Using Operation Peter Pan, which saw more than 14,000 Cuban children sent to the United States in the early 1960s amid rumours Fidel Castro was planning on indoctrinating them in the Soviet Union, or worse (there are stories of people fearing children would return as tinned meat), Ms. Dubinsky illustrates the "National Baby" -- a child that bears the hopes of a nation on its shoulders, and also represents its fractured self.
The same issues resurfaced in the story of another National Baby, Elian Gonzalez, the Cuban boy who was discovered clinging to a dinghy in the waters off the coast of Florida after a perilous journey his mother did not survive. "When international or foreign policy conflicts are fought through and over the bodies of children," Ms.
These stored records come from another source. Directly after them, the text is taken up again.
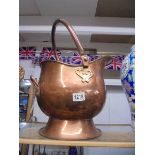 A copper coal scuttle, COLLECT ONLY.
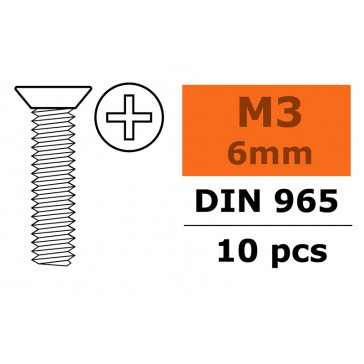 Vis à tête conique - Philips - M3X6 - Acier galvanisé (10pcs)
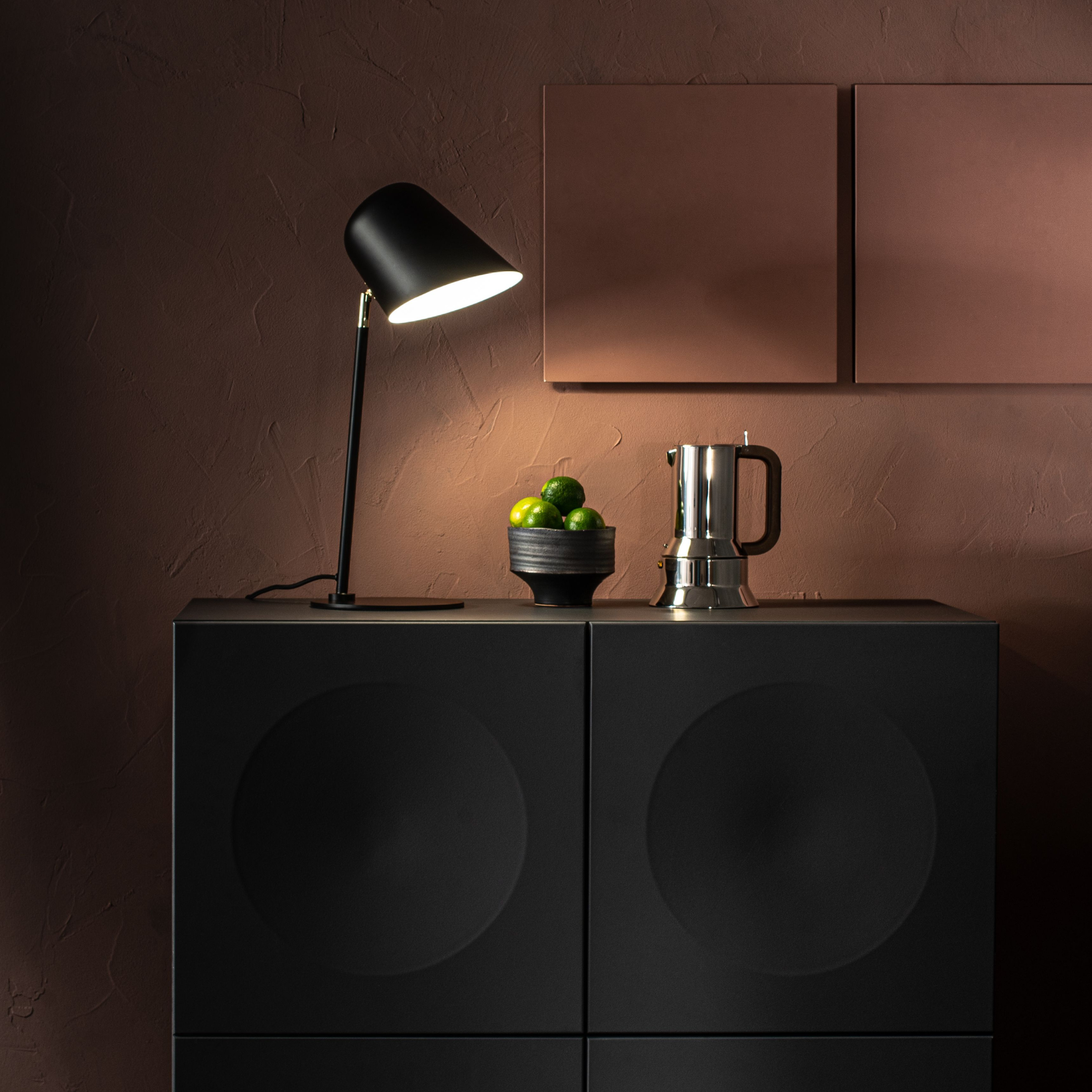 Metal lamp with "Mirror" lampshade for floor and table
Dubinsky writes, "the enormous but often unacknowledged symbolic power of children ensures that such conflicts will have a very long life."
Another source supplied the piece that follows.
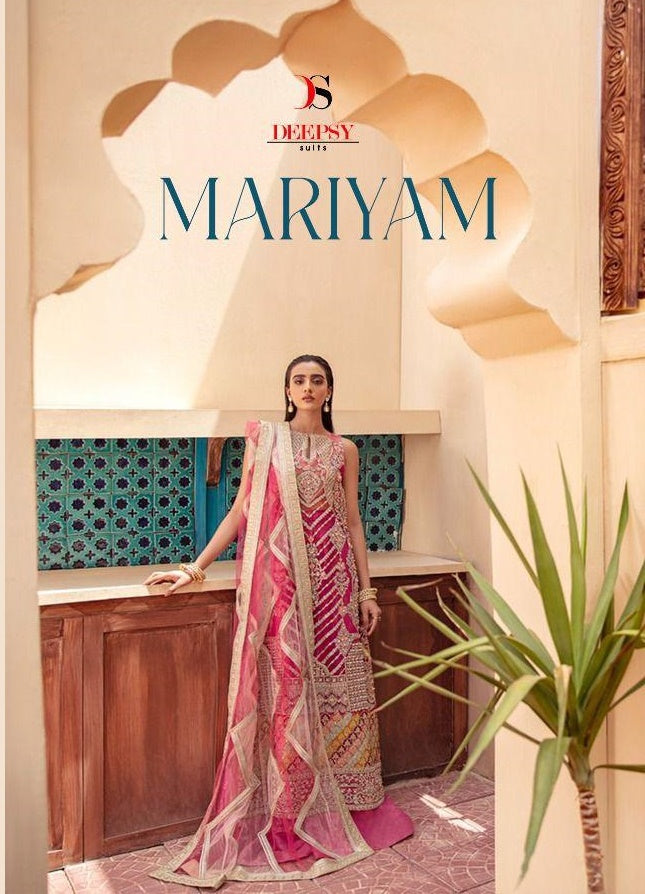 Deepsy Suit Mariyam Net With Heavy Embroidery Work Pakistani Salwar Kameez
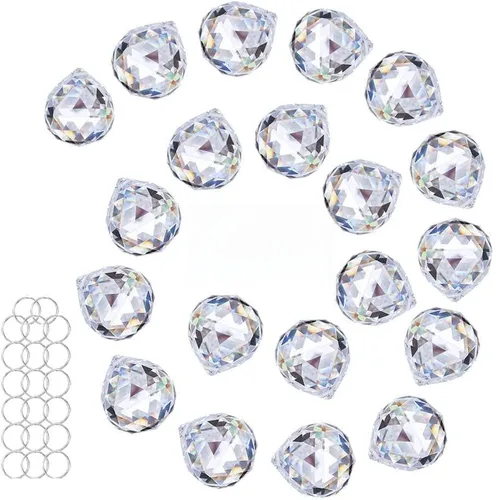 Miniatura 10 de Crystalsuncatcher - Lámpara colgante de bola de cristal transparente de 0.78 pulgadas (0.787 in) para árbol de Navidad, colgante de gota para árbol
When it comes to adoption, a baby is often not just a baby. Americans who learned about Operation Peter Pan were encouraged to "fight communism" by caring for the children who fled it, even as some Cubans viewed it as the snatching of a precious resource. Similarly, the radical practice of placing black babies with white Montreal couples for the first time in the late 1950s was loaded with promises of racial reconciliation, even as the sometimes horrific experiences of aboriginal children assimilated into white homes became "monuments of colonialism."
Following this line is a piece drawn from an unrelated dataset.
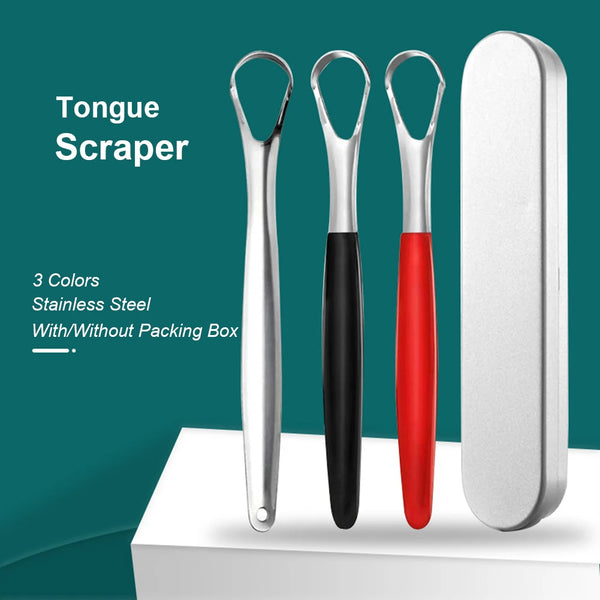 1/2Pcs Stainless Steel Tongue Scraper Adult Oral Hygiene Tongue Coating Brush With Packing Case Mouth Bad Breath Remover Cleaner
That two mixed-race adoption ventures in Canada could produce wildly different legacies (although also here, there are shades of grey) "suggests that how one imagines children, race and racial hierarchies is more significant than where."
Creating a multi-racial adopted family domestically was a necessary precursor to adopting internationally, says Ms. Dubinsky, and set the stage for a "climate of rescue."
Events like the 1990 Romanian orphanage scandal caused applications to skyrocket, wrote Ms. Dubinksy, and fuelled the "transnational politics of pity." Then came low-interest adoption loans, airlines that featured special rates for adoption travel, "culture camps" that taught adopted children their heritage, and Hollywood mothers with foreign babes. And with adoption agencies bearing such names as Heart to Heart Adoption or Children's Hope, trading in "the vulnerability and cuteness of waiting children, always pictured isolated, alone, devoid of parents, communities and nations, and waiting for rescue," says Ms. Dubinsky, it is little wonder that many parents, and advocates, view international adoption as a humanitarian effort, citing poverty, malnutrition and poor child welfare systems in sending countries.
"The fantasy of the global cabbage patch", she calls it, filled with children who need help. She notes it is glaring that in the international adoption debate the voices that are seldom heard are those of the birth mother and the child. That is starting to change, as Korean adoptees from the 1950s and '60s share their experiences, and others eventually follow suit.
Ms. Dubinsky's own international adoption story is a happy one. She and her partner Susan Belyea were told by social workers that they might encounter difficulties adopting in Canada as a same-sex couple, so she applied to Guatemala and was paired with Jordi. Throughout her research, she dreaded the possibility of discovering that her agency or lawyer was implicated in shady practices. She never did. "I know that no lines of illegality were crossed," she says. She met her son's birth mother, Hilda. She has a photo of the two saying a tearful goodbye. "You'd cry too if you lost me," Jordi told his mom which, she says, accurately summarizes "the emotions and the politics of adoption."